### WORK TASK
The output is a word-for-word repeat of the listing below, free of images.

### SOURCE MATERIAL
════════════════════

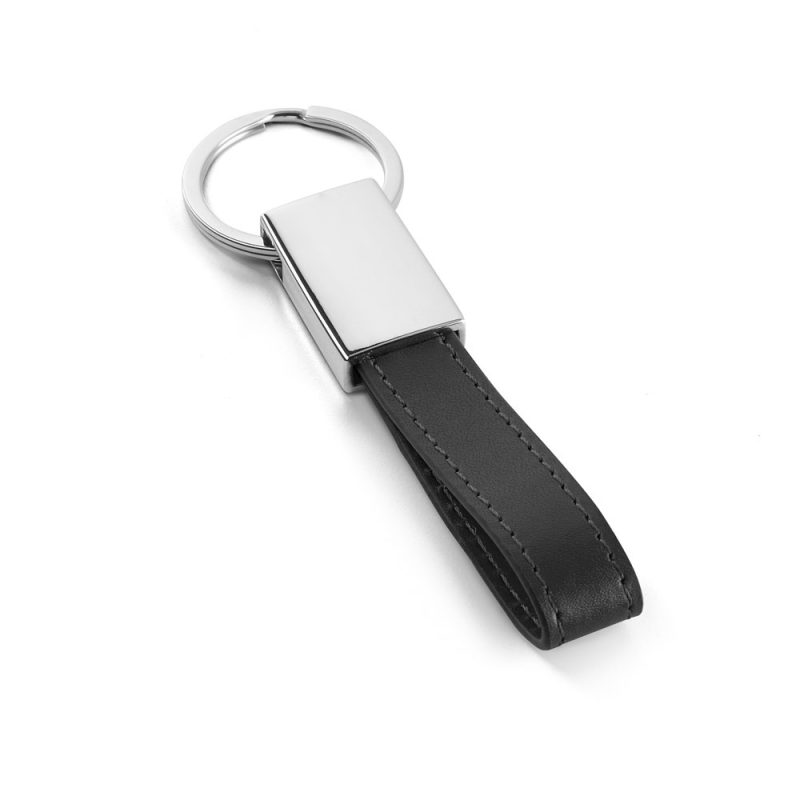 Black leather and metal keyring on white background.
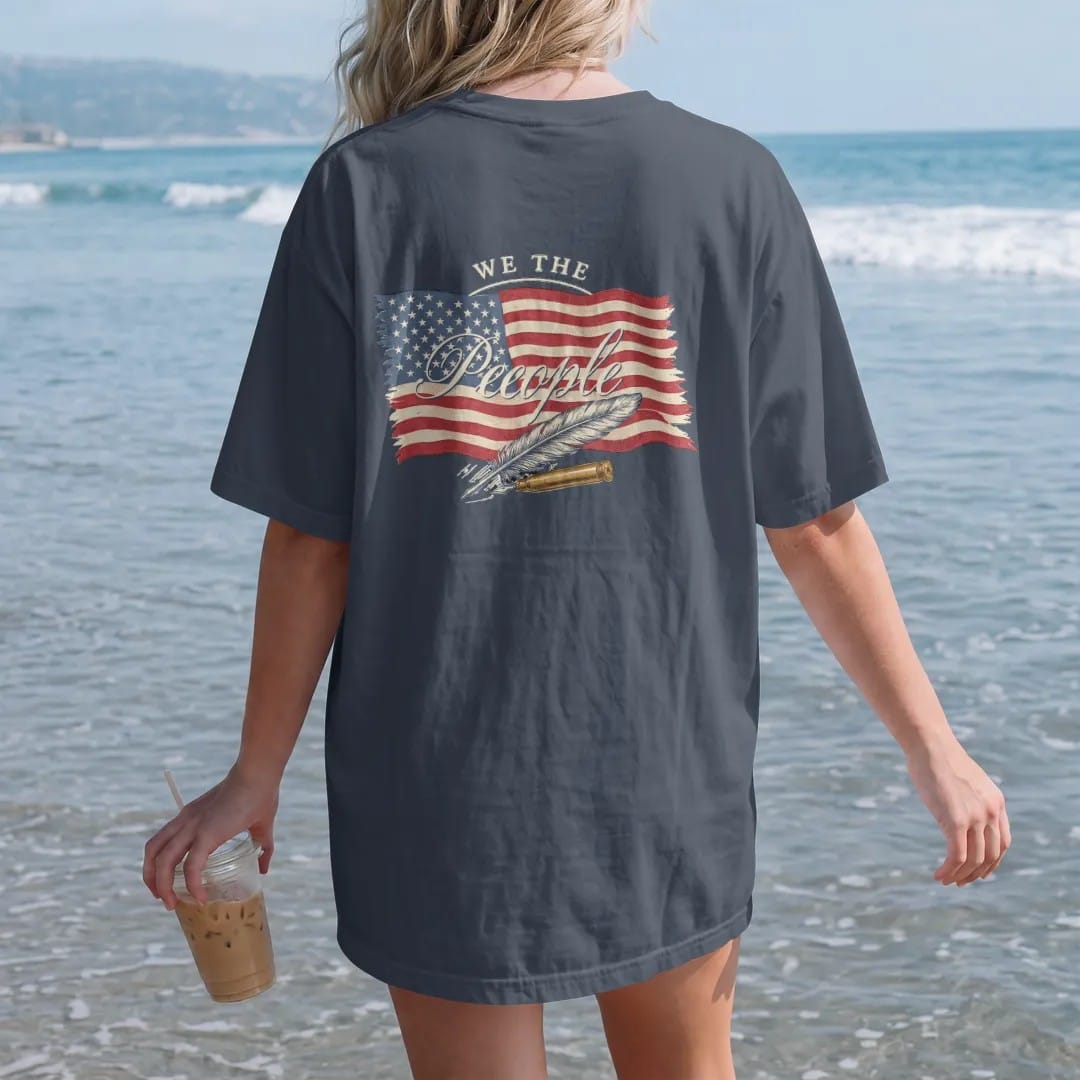Woman on the beach in a Midnight tee, back view: a distressed American flag with We The People in 18th-century script over a crossed quill and brass cartridge, in cream, red, faded blue and brass gold.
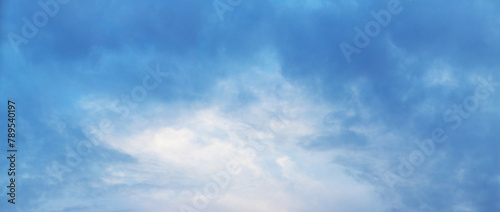 The sky covered with thick blue clouds with a gleam in the middle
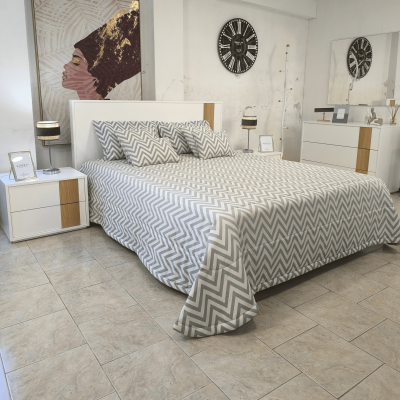 Quarto com cama de casal com roupa de cama cinza e branca, mesas de cabeceira brancas e relógio de parede preto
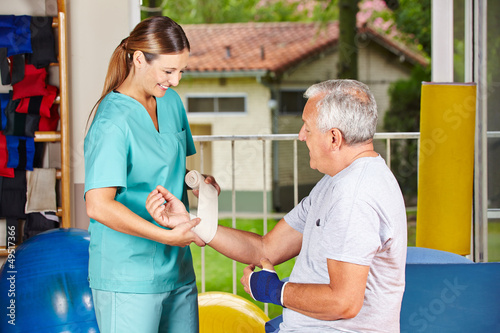 Photo: Krankenschwester bei Physiotherapie wechselt Verband Krankenschwester bei Physiotherapie wechselt Verband
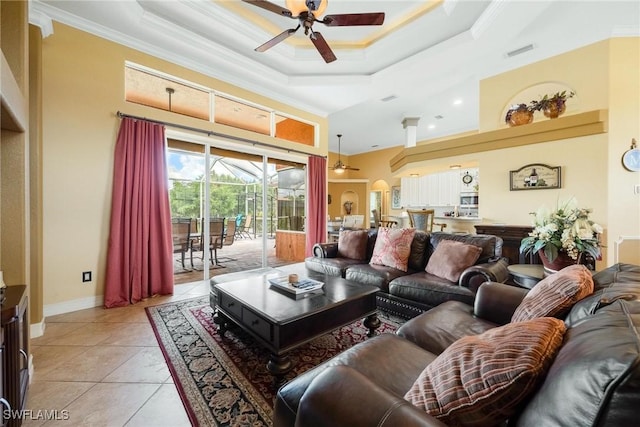 18510 Ellen Ave, Port Charlotte, FL 33948 - living area featuring crown molding, ceiling fan, a tray ceiling, arched walkways, and visible vents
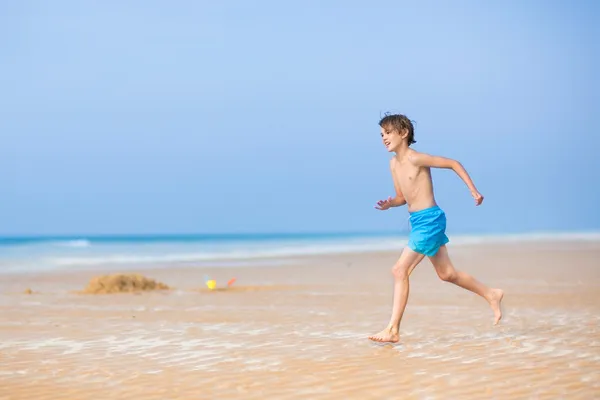 Menino correndo em uma bela praia tropical — Fotografia de Stock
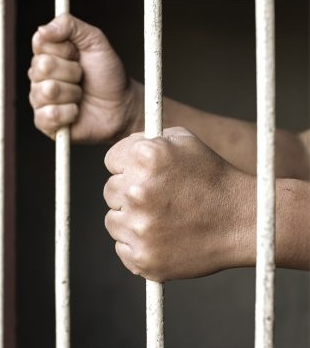 two hands gripping jail bars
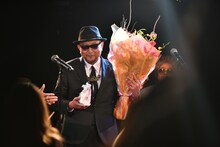 花束と饅頭を手にステージを降りるBro.TOM。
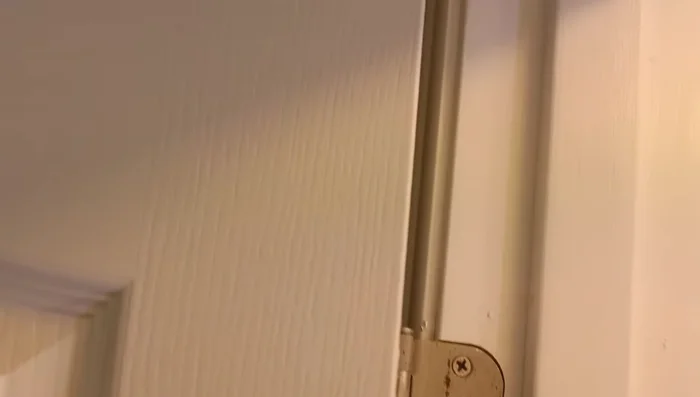 Assess the door's alignment: Observe gaps at the top and bottom of the door on both sides. Uneven gaps indicate the need for alignment.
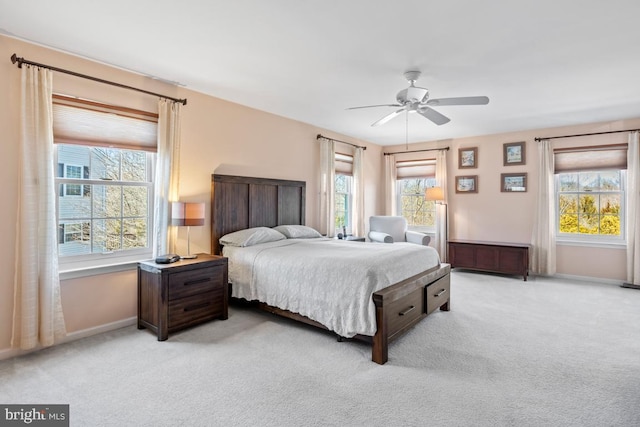 bedroom featuring ceiling fan, baseboards, and light carpet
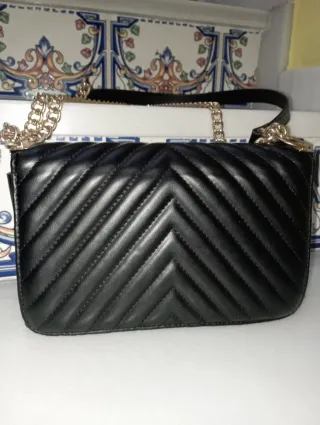 Bolso Saint Laurent Negro y Dorado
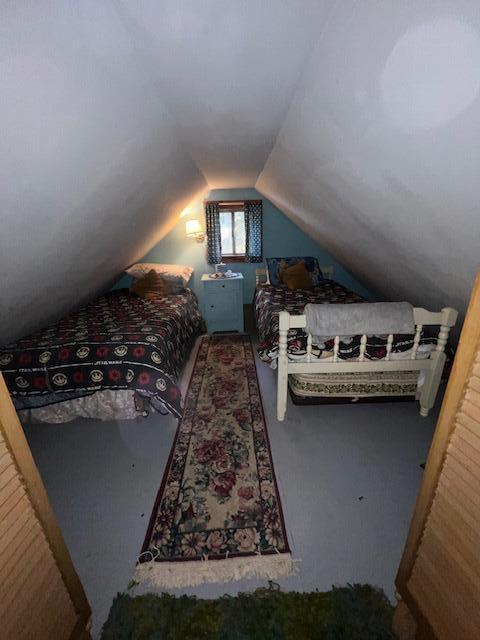 bedroom with vaulted ceiling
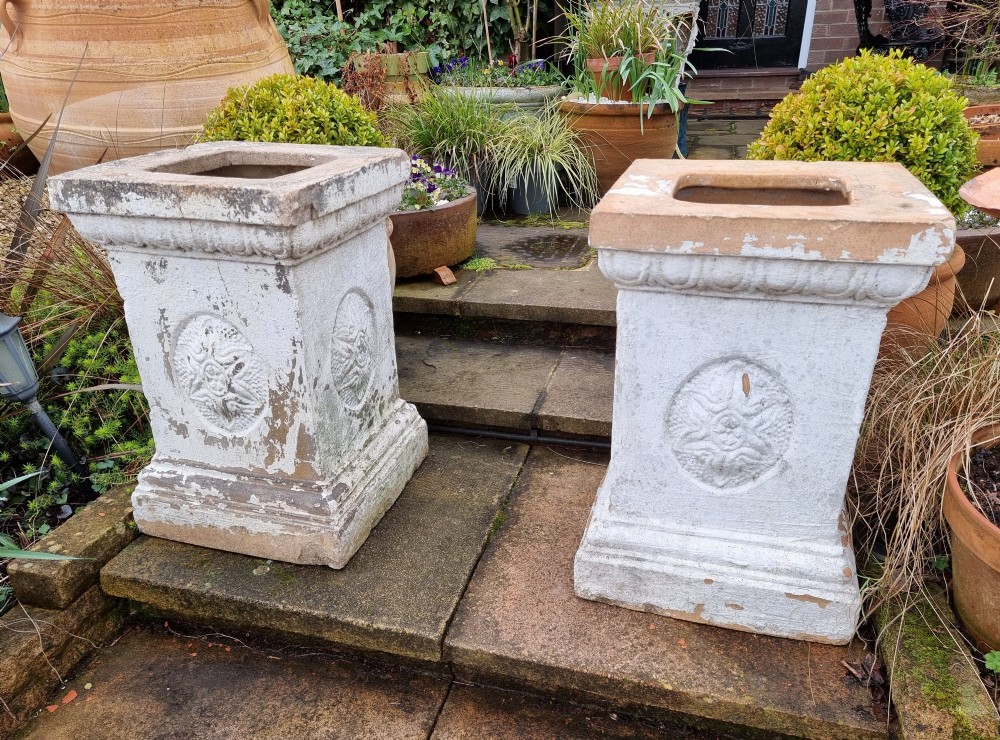 A pair of square weathered terracotta garden pedestals featuring moulded top rims and central circular floral medallion motifs.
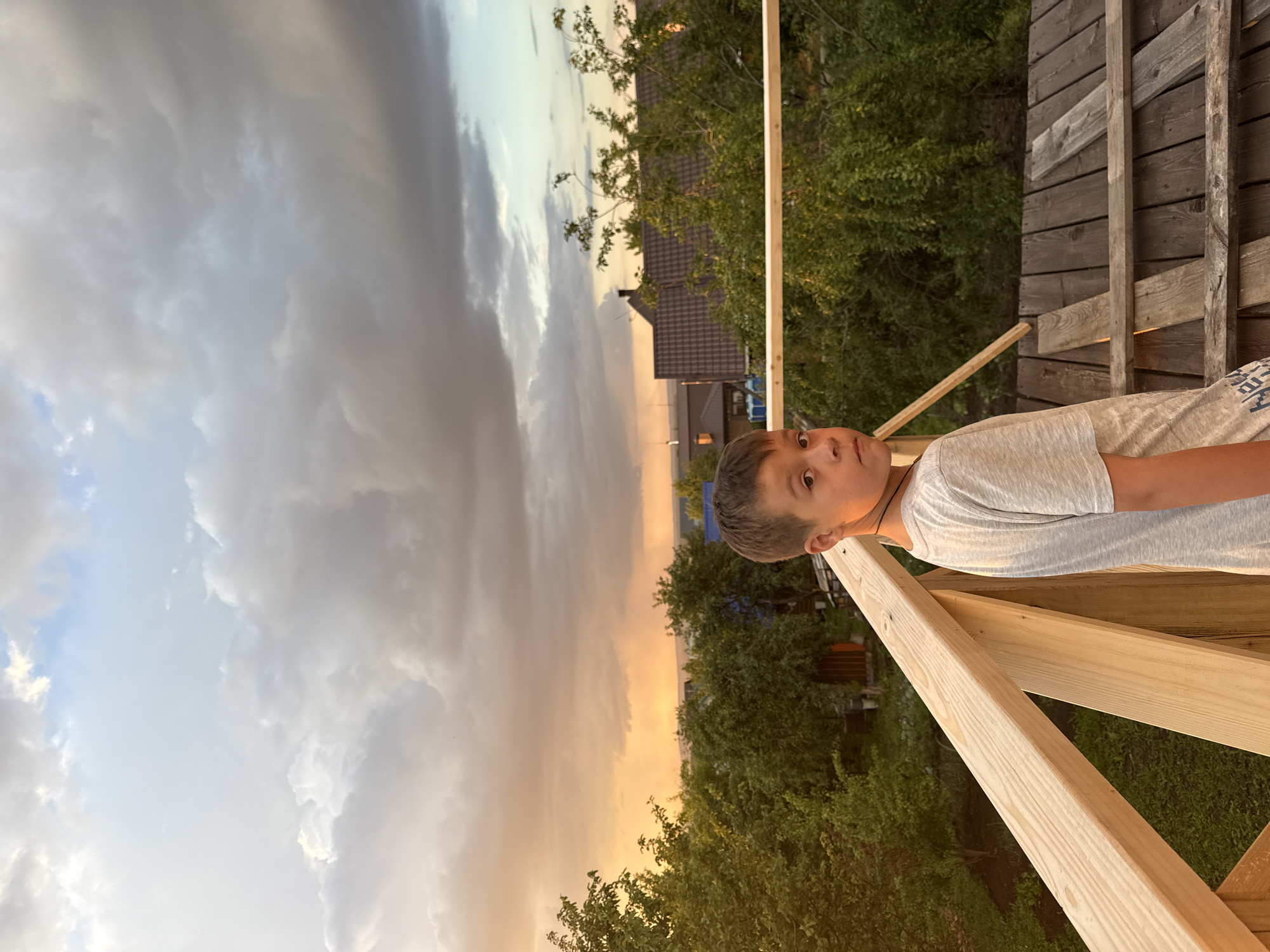 A young boy stands on an unfinished wooden platform, looking over his shoulder at the camera. He is wearing a grey t-shirt. The platform is made of raw lumber and is still under construction. Behind him, lush green trees and the roofs of houses are visible. The sky above is dramatic, with heavy grey clouds tinged with the warm colors of sunset. The scene appears to be in a rural or suburban area, possibly a backyard or a construction site, during the golden hour.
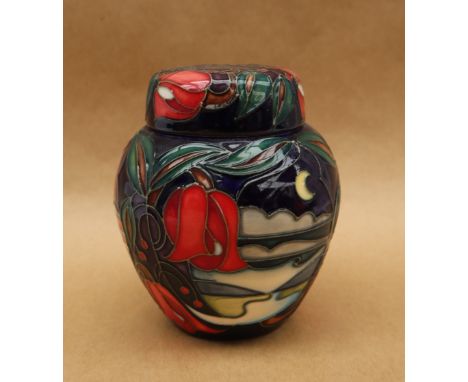 A Moorcroft pottery ginger jar and cover, with tube lined decoration of three panels depicting the same scene at mid day, sun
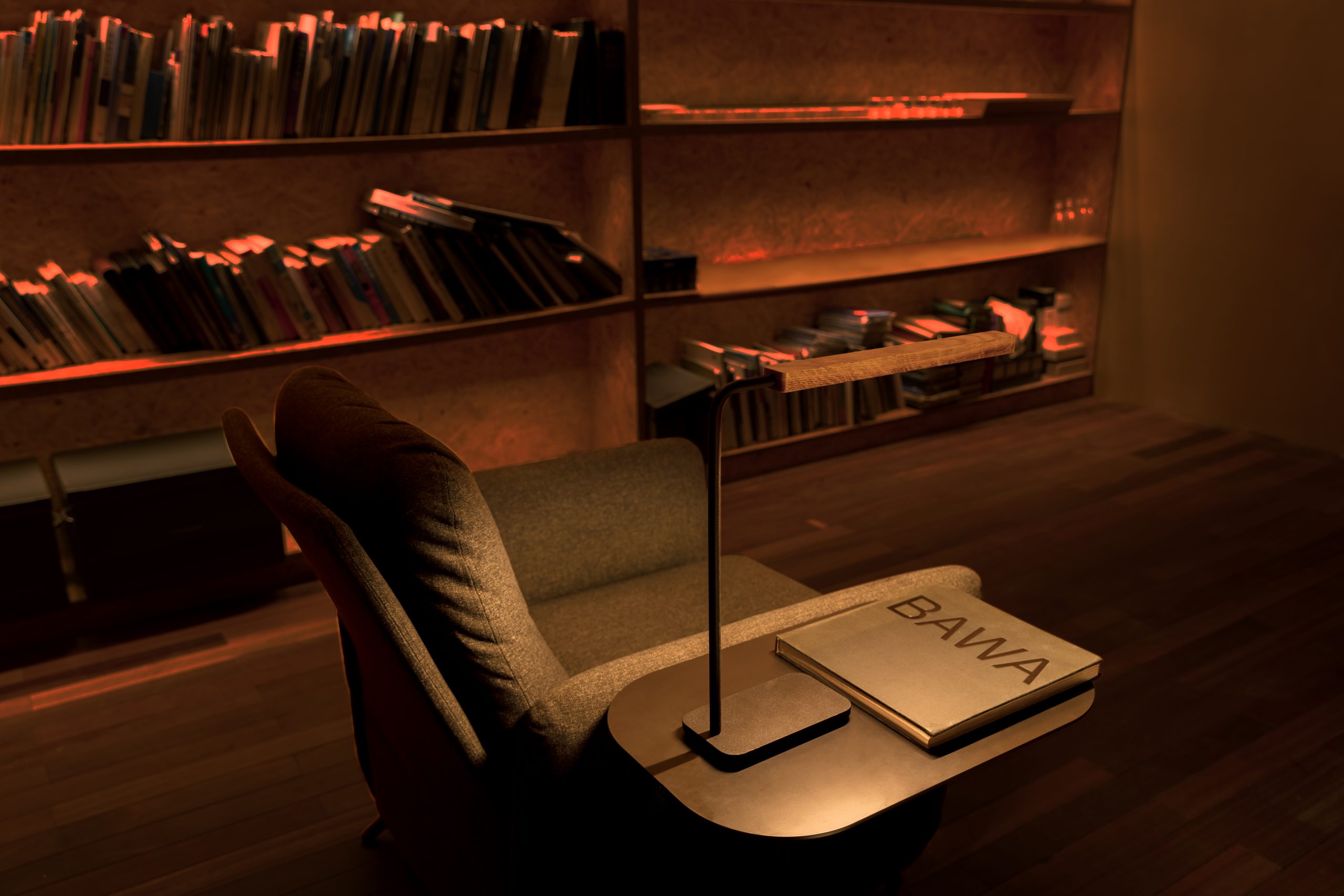 Lumatree Table Task photographed on a side table beside an armchair and a book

════════════════════

### OUTPUT OF THE TASK
 Black leather and metal keyring on white background.
Woman on the beach in a Midnight tee, back view: a distressed American flag with We The People in 18th-century script over a crossed quill and brass cartridge, in cream, red, faded blue and brass gold.
 The sky covered with thick blue clouds with a gleam in the middle
 Quarto com cama de casal com roupa de cama cinza e branca, mesas de cabeceira brancas e relógio de parede preto
 Photo: Krankenschwester bei Physiotherapie wechselt Verband Krankenschwester bei Physiotherapie wechselt Verband
 18510 Ellen Ave, Port Charlotte, FL 33948 - living area featuring crown molding, ceiling fan, a tray ceiling, arched walkways, and visible vents
 Menino correndo em uma bela praia tropical — Fotografia de Stock
 two hands gripping jail bars
 花束と饅頭を手にステージを降りるBro.TOM。
 Assess the door's alignment: Observe gaps at the top and bottom of the door on both sides. Uneven gaps indicate the need for alignment.
 bedroom featuring ceiling fan, baseboards, and light carpet
 Bolso Saint Laurent Negro y Dorado
 bedroom with vaulted ceiling
 A pair of square weathered terracotta garden pedestals featuring moulded top rims and central circular floral medallion motifs.
 A young boy stands on an unfinished wooden platform, looking over his shoulder at the camera. He is wearing a grey t-shirt. The platform is made of raw lumber and is still under construction. Behind him, lush green trees and the roofs of houses are visible. The sky above is dramatic, with heavy grey clouds tinged with the warm colors of sunset. The scene appears to be in a rural or suburban area, possibly a backyard or a construction site, during the golden hour.
 A Moorcroft pottery ginger jar and cover, with tube lined decoration of three panels depicting the same scene at mid day, sun
 Lumatree Table Task photographed on a side table beside an armchair and a book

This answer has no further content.